Europe in Transition: Lessons Learned
On December 6, 2011, Prof. Dr. Ludger Kühnhardt, Director of the Center for European Studies at Bonn University addressed a Bilkent International Security and Strategy Seminar (BISSS) at the Bilkent Hotel.
Prof.Kühnhardt, referring to the current “Euro Crisis”, focused on how the EU positions itself in the globalizing world of the ‘post-post-Cold War era’. As neither the Lisbon Treaty nor the European Constitution has proven capable of paving the way for political union or institutional integrity, Europeans, with this fiscal crisis, are becoming increasingly aware that Europe is at a crossroads: It may become either a peripheral structure or a federation.
For Prof. Kühnhardt, since the beginning of the EU, it has endless series of crises in integration which are different from crises of integration. To determine whether the debt crisis is yet another crisis in integration, he introduced the idea of crisis as an engine of progress in European integration and challenge and response as one explicatory variable. He indicated that at the root of the current crisis are 1) the absence of a fiscal union and 2) national policy failures, to be named as ‘sovereign debt crises’. However, beyond fiscal solutions, he suggested that in the long term a sense of potential reengineering of economic growth and development are important as much as a European federation in order to make all European structures functional.

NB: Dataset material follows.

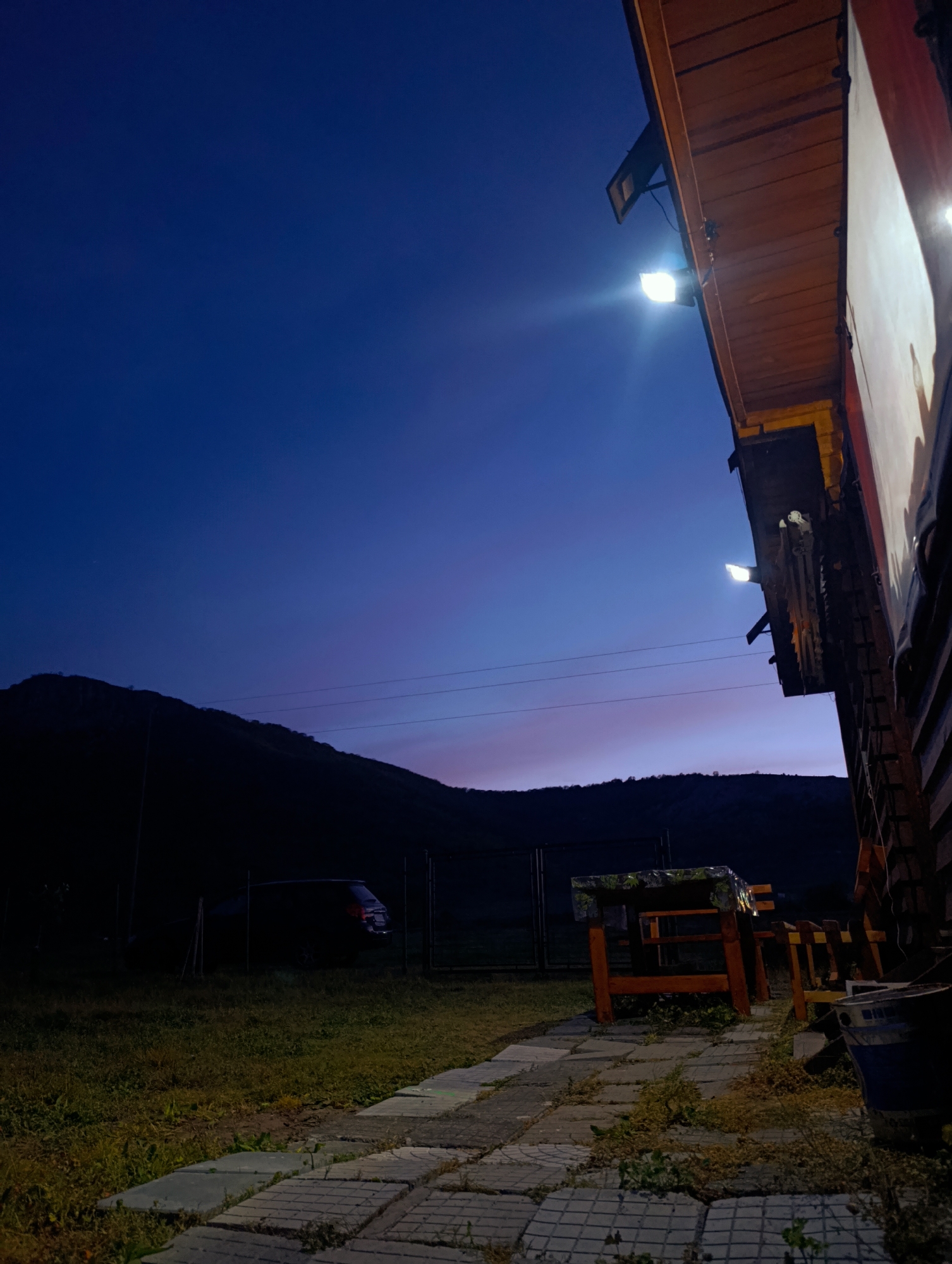 The image depicts an outdoor scene at dusk, possibly near or in the city of Shiroko pole, Bulgaria, given the mountain in the background and the architecture. A dark mountain silhouette is visible in the distance beneath a dark blue and pink sky. A car is parked in the grass. In the foreground, a brick path leads to a wooden table and benches next to a wooden building. Two lights affixed to the building illuminate the area. There are miscellaneous objects and a bucket visible in the lower right corner near the building's edge.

Discussing the debt crisis, Prof. Kühnhardt described three dimensions of responses: debt relief, continuity of crisis management, and moving beyond the technicalities of crisis management. The last of these, he emphasized as the focus of the discussion, is significant to explain how to structure mechanisms in Europe in order to further facilitate a political union. Considering the variety of local political actors and their reflections in the media, the biggest challenge will be to find elements of society operating as a political “European society”.
Lastly, as for Turkey’s membership process to the EU, Prof. Kühnhardt noted that when both sides discussed this issue, they discussed it within the framework of “Turkey and EU relations”. However, he suggested that there should be more discussion about possible scenarios of “Europe with Turkey” or “Turkey in Europe”.